Dustin, Devin and Danielle Wahl attempted to be the first three siblings to swim the English Channel simultaneously. Devin and Danielle completed the swim, but Dustin fell short. (Courtesy of DeeAnna Wahl)

In the end, the odds were too much for the three Wahls.

Devin and Danielle Wahl completed their English Channel swim Sunday. The 21-mile crossing in 64-degree water was more harrowing and painful than they expected. Their younger brother Dustin was forced to quit 13 miles in, overcome with cramps and nausea.

The goal of being the first three siblings to swim the Channel simultaneously—statistically, they had about a one-in-eight chance of success—remained elusive. But their sense of accomplishment was huge.

“I’ve done a lot of endurance events, but as far as the mental aspect is concerned, this was by far the hardest challenge I’ve faced,” said Devin, 24, who has completed two Ironman-distance triathlons. “All the stories are true.”

His younger sister, Danielle, 21, swam the Channel last year, recording the season’s fastest time by an American. This year it was harder and took an hour longer.

Dustin, Danielle and Devin Wahl in Loveland, Colorado. (Courtesy of Devin Wahl)

“I wasn’t feeling particularly great, but I got the job done, so there’s nothing to complain about,” she said.

Devin finished in 11 hours flat; his sister was 13 minutes faster.

Dustin, 19, was philosophical, and generous in his praise of his older brother and sister.

“It was an attempt. It’s brutal out there,” he said. “I’d rather do something great and fail than do nothing and succeed.”

As in her previous Channel swim, Danielle considered quitting this time, too.

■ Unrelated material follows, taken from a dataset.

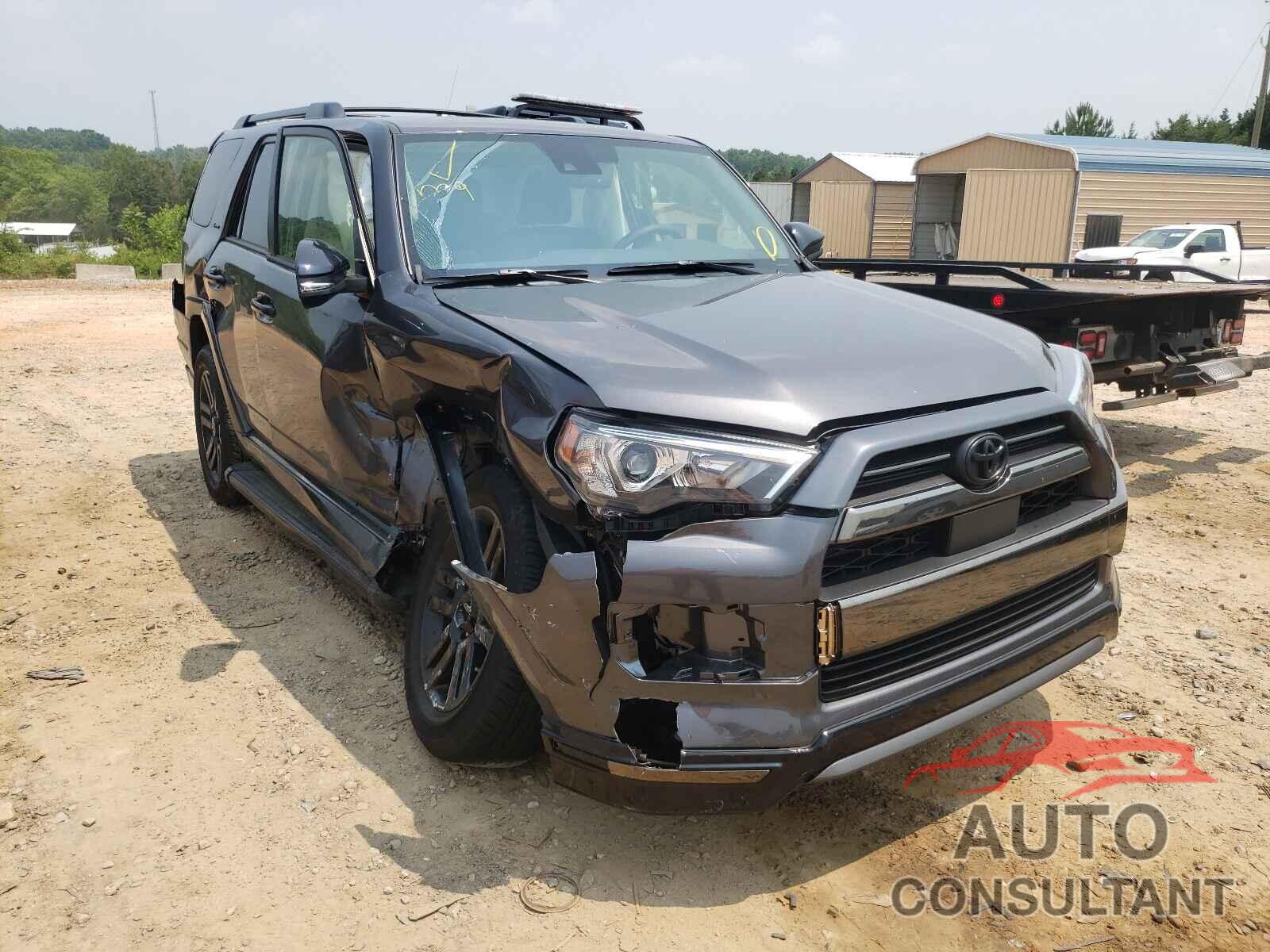 TOYOTA 4RUNNER 2021 - JTEJU5JR6M5897073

“I had the e-mail all written in my head — ‘I’m so sorry I didn’t make it . . . ’ I knew exactly what I was going to say to everyone.”

In fact, she almost didn’t make it. Halfway through her seventh hour of swimming, she lost consciousness for about 10 seconds, a phenomenon that’s been seen in other people doing marathon swims in cold water. As she floated facedown in the water, her father, on the boat shadowing her, tore off his clothes and prepared to jump in to rescue her. Before he could, she came to and resumed swimming faster than before.

She made landfall at a cliff. She couldn’t climb ashore, so she tagged France and swam back to the boat.

As with many Channel swims, the Walls’ event was a charitable effort as well as an athletic one. They are raising money for research on Alzheimer’s disease, a form of dementia that afflicted one of their grandparents and an uncle. They’ve collected about $15,000 so far.

“I was thinking about the people with Alzheimer’s disease and what they and their families are going through,” Devin said. “I can have 11 hours of pain. Some of them have years of pain.”

Devin lives in Baltimore and works in a laboratory at the National Institute on Aging there. His brother and sister (and two other siblings) and their parents live in Colorado Springs.

Under the rules set by the two organizations that certify English Channel crossings, swimmers wear only bathing suits and caps. Wet suits aren’t allowed, and the athletes can’t touch the boats accompanying them or the people on them.

Scheduled for July 22, the swim was repeatedly delayed because of bad weather. Each of the siblings’ swims had its own drama.

Dustin said he “really hit the wall” about three hours into the crossing. He’d swallowed a lot of seawater, was nauseated, had been stung by a jellyfish and had cramps from the cold.

The rules allow a “support swimmer” to enter the water once an hour for encouragement (but no contact). Dustin’s assistant advised him how to stretch his aching limbs. But in the end, it wasn’t enough.

Seven hours in, Devin was in a confused state and wanted to quit.

“I went over to the boat. I was basically bonking,” he recalled the next day. “My mom said, ‘What are you doing? Keep going.’ I drank some Coca-Cola for the instant sugar boost and somehow just kept going.”

Devin did make it onto land, but he needed a guide.

For the last hour of his swim, he swapped out his regular goggles for a pair with a light stick attached so he would be visible in the dark. The goggles were dirty and he could barely see through them.

On the boat was a man named Richard who had twice attempted the Channel and failed. (He had seen a posting the siblings had put on a Web site seeking crew members for the three boats.)

Richard, who had been shouting encouragement all day, jumped into the water as Devin became disoriented several hundred yards from land. Swimming, he led him in.

“We both stood on the shore together,” Devin said. “We had just become so close. I gave him a big hug.”

The funny thing is, he never learned Richard’s last name.